The gorgeous black-and-white cinematography, combined with Juhen’s memorable performance as Prisca, work to underline the complexity of African representation today, so often, as here, tied to former colonial states and their funding agencies, and de facto treatises on African moral philosophy in the 21st century, whether or not by their choice. Prisca, then, capably shoulders the weight of this disjuncture, the core transitional nature of any society or people, embodied in a character pulled in more than only two directions, and instead toward endless paths of reconciling the individual and the collective. In other words, people are dynamic forces and change will come, and it will almost certainly be according to scripts as yet unwritten. JAKE PITRE


Hundreds of Beavers

They say that comedy is subjective, but even that benign truism can’t begin to explicate the lunacy at the heart of Hundreds of Beavers. It’s mind-boggling that a couple of buddies got together and concocted this strange brew — a (mostly) silent, black-and-white-slapstick epic inspired by Looney Tunes cartoons and musicals, and consisting of more gags per minute than even ZAZ in their heyday. It’s a genuine oddity and a true labor of love, too; director/co-writer/editor Mike Cheslik and producer/co-writer/star Ryland Tews have been friends since high school, and their films (including 2018’s Lake Michigan Monster, in retrospect a dry run for much of the formal brio on display here ) seem to have emerged from a kind of shared psychosis.
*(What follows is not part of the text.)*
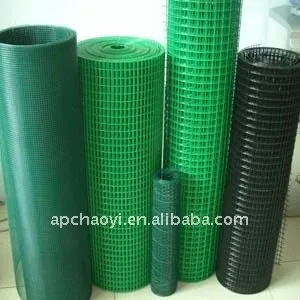 pvc coated welded wire mesh (factory)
Beavers is composed of sharp, high-contrast digital black-and-white photography, Monty Python-esque cut-out animation, blue screen digital trickery, and all manner of post-production tinkering. The film’s press notes describe some of the efforts involved here, including 12 weeks of filming in Michigan and Minnesota in sub-zero temperatures, and four years (!) of off-and-on work on the various compositing effects. One is left staring slack-jawed at this singular, unique work, a testament to the blinkered, single-minded determination of two weirdos (with the help of a dedicated cast and crew, of course) who think that concocting different scenarios of killing beavers is really funny. It’s a miracle that they mostly pull it off. 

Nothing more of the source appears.